* Data supplied:
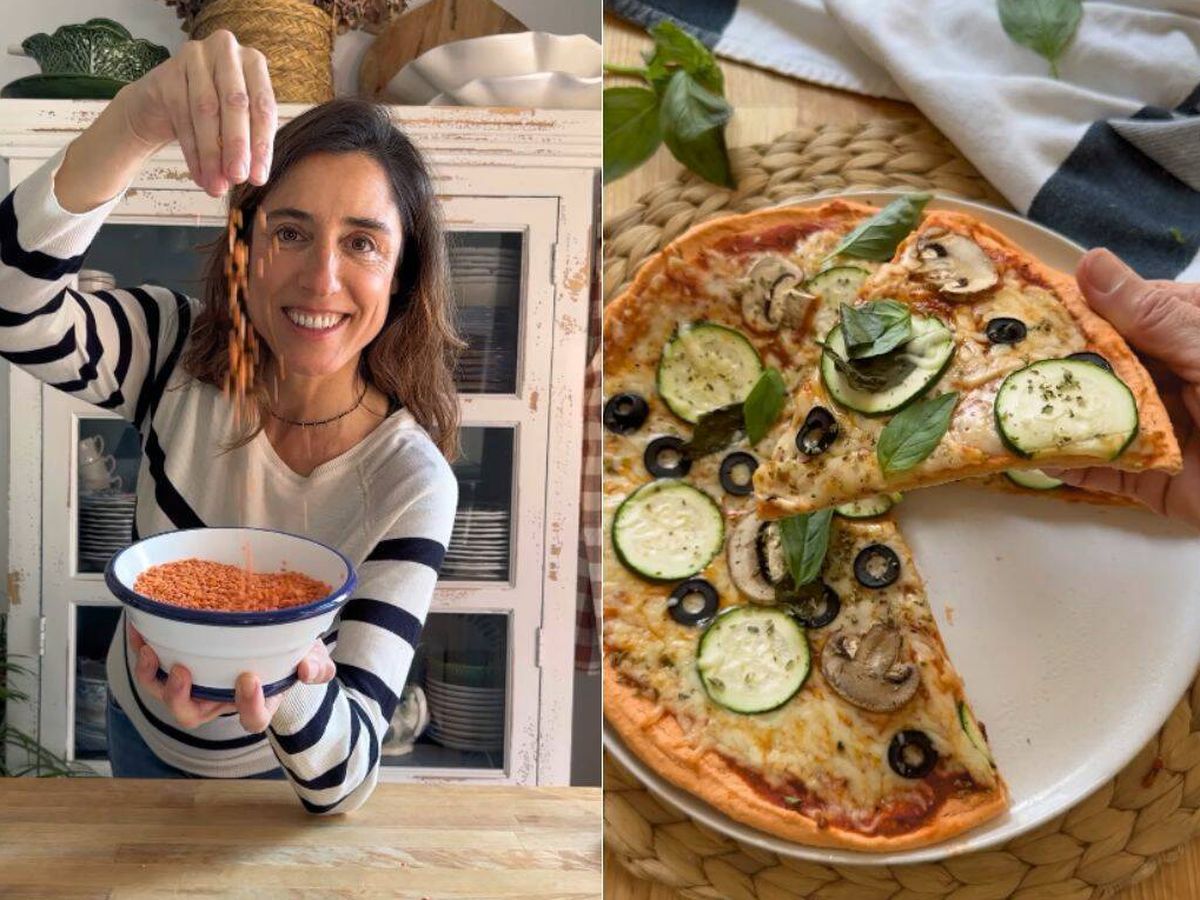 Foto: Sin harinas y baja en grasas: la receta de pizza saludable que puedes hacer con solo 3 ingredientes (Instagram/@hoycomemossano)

--

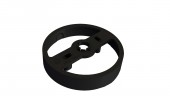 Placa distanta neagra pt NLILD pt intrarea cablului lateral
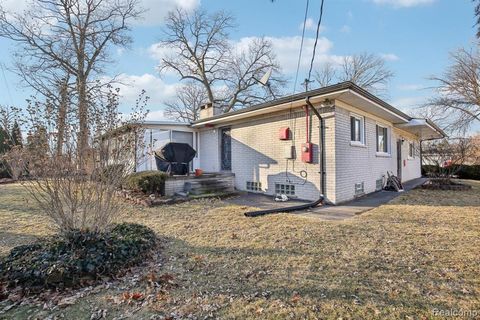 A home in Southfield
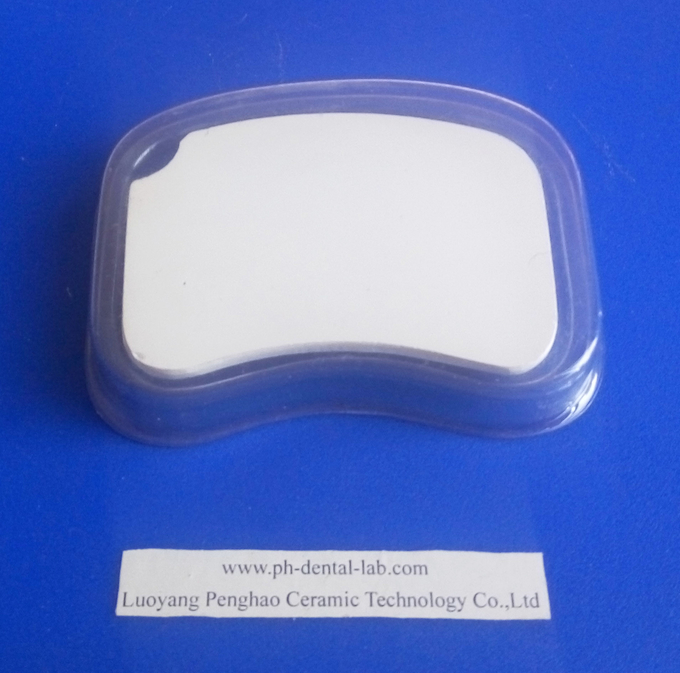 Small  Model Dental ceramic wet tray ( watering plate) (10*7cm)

* Exercise objective: Copy the lines above between the one holding "Placa distanta neagra" and the one holding "watering plate) (10*7cm)", inclusive. Drop the pictures.

* Response box:
 Placa distanta neagra pt NLILD pt intrarea cablului lateral
 A home in Southfield
 Small  Model Dental ceramic wet tray ( watering plate) (10*7cm)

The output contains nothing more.